Fair grounds for a musical – Rodgers and Hammerstein’s Carousel
A new stage production of Carousel, Rodgers and Hammerstein’s classic musical, opens this month at the Barbican after critically-lauded runs in Leeds and Manchester.
In a lavish production directed by Jo Davies, featuring a chorus of 30 singers and 14 dancers, the Leeds-based company Opera North will attempt to create a fresh vision of the Broadway show, with contemporary ballet dancers and a meld of operatic and musical theatre voices.
The American classic musical, based on a 1909 play by the Hungarian Ferenc Molnár, was voted by Time magazine as the greatest of the twentieth century, and includes some of the prolific composing duo’s best loved works, such as ‘You’ll Never Walk Alone’ and ‘If I loved You.’
Set in a New England seaside community, Carousel is a poignant story of true love and the tragedy of feelings left unspoken. Julie Jordan is a mill worker who falls in love with Billy Bigelow, a troubled fairground operator. To improve their fortunes Billy commits a desperate act that ends in disaster, but is then granted one last chance to make things right.

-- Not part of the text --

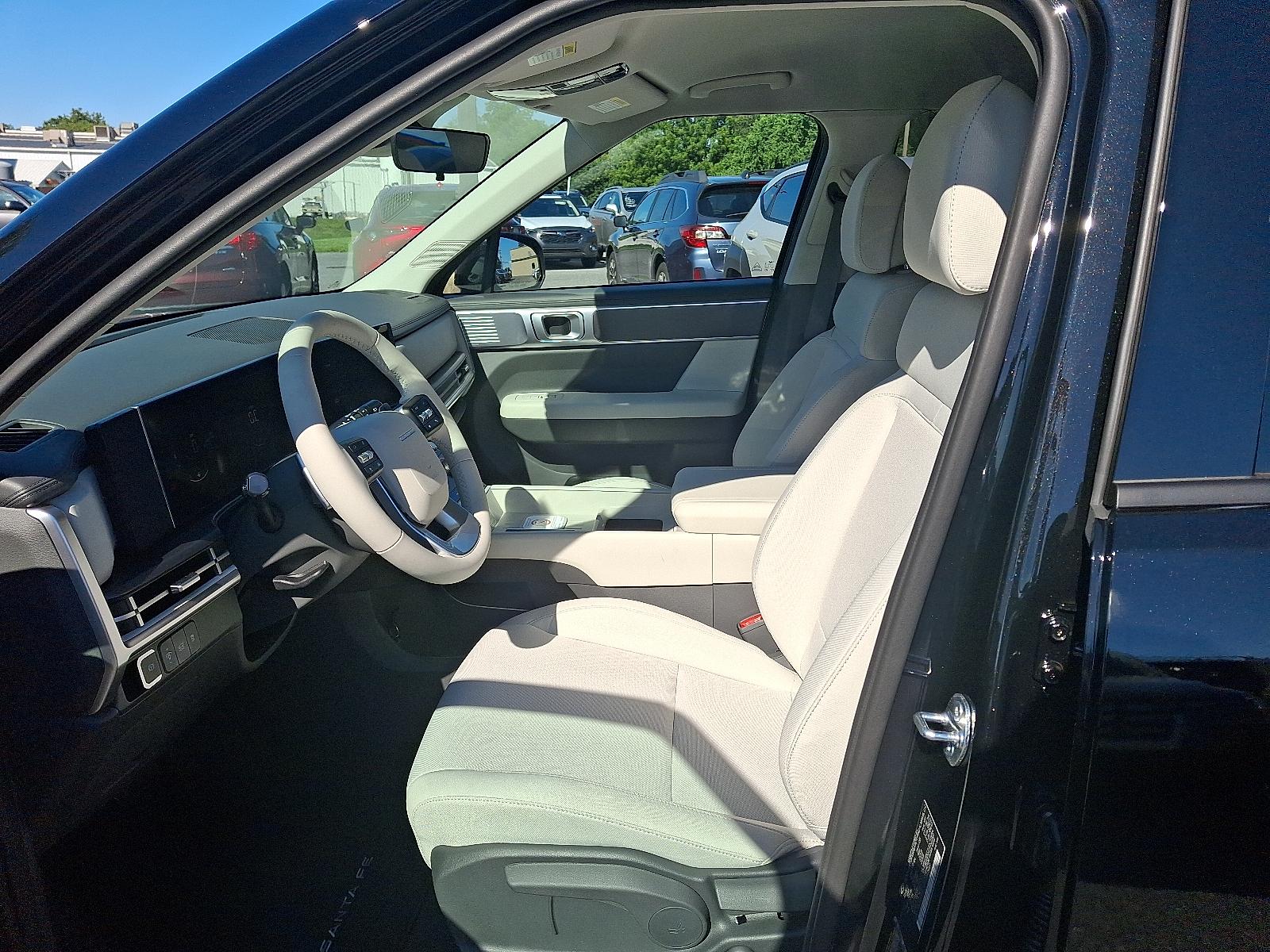 2026 Hyundai Santa Fe SE - Photo 9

Sarah Tynan, a Walthamstow-based soprano and seasoned performer with the English National Opera, has joined the cast for the five week run in London. Playing the comic character Carrie Pipperidge is no ordinary gig for the singer, who is more used to roles like Tatania in A Midsummer Night’s Dream or Papagena in The Magic Flute.
“There’s a lot more dialogue than what I’m used to,” she says. “And there’s also the comedy you get in musical theatre. I’ve always relished doing a bit of everything, though. The last operatic role I sang was Cleopatra in Julius Caesar, so to go from singing straight opera and a historical tragic figure, to a comic musical part is really stimulating and great fun.”
Compared with singing opera, it’s tempting to think that musical numbers must be comparatively easy to sing, but, according to Sarah, musical theatre presents a different kind of challenge.
“Most opera stuff is a lot higher,” she informs me. “And also for me the speaking, because when you’re speaking it’s a lot lower. So for me the technical challenge is working in a different part of my range as well as keeping the voice supported when you’re speaking and going between speaking and singing.”
In the battle of the musicals, Carousel is certainly among the cream, and with the Opera North production already putting some critics in a spin, this could be as good an opportunity as any to hear ‘You’ll Never Walk Alone” sung outside a football stadium.
The singer adds: “There’s such a huge body of work in opera, so that those that are still done today have been proven over time. I think this piece has stood the test of time in a similar sort of way.
“It’s got a fantastic script, the music’s stunning and there’s just the right amount of comedy and tragedy so that you won’t come out feeling you’ve been thwacked around the head or with your sides hurting from laughing. Rodgers and Hammerstein pitched perfectly which is why I think it’s always been such a hit with audiences.”
Carousel will be at the Barbican from 15 August – 15 September 2012.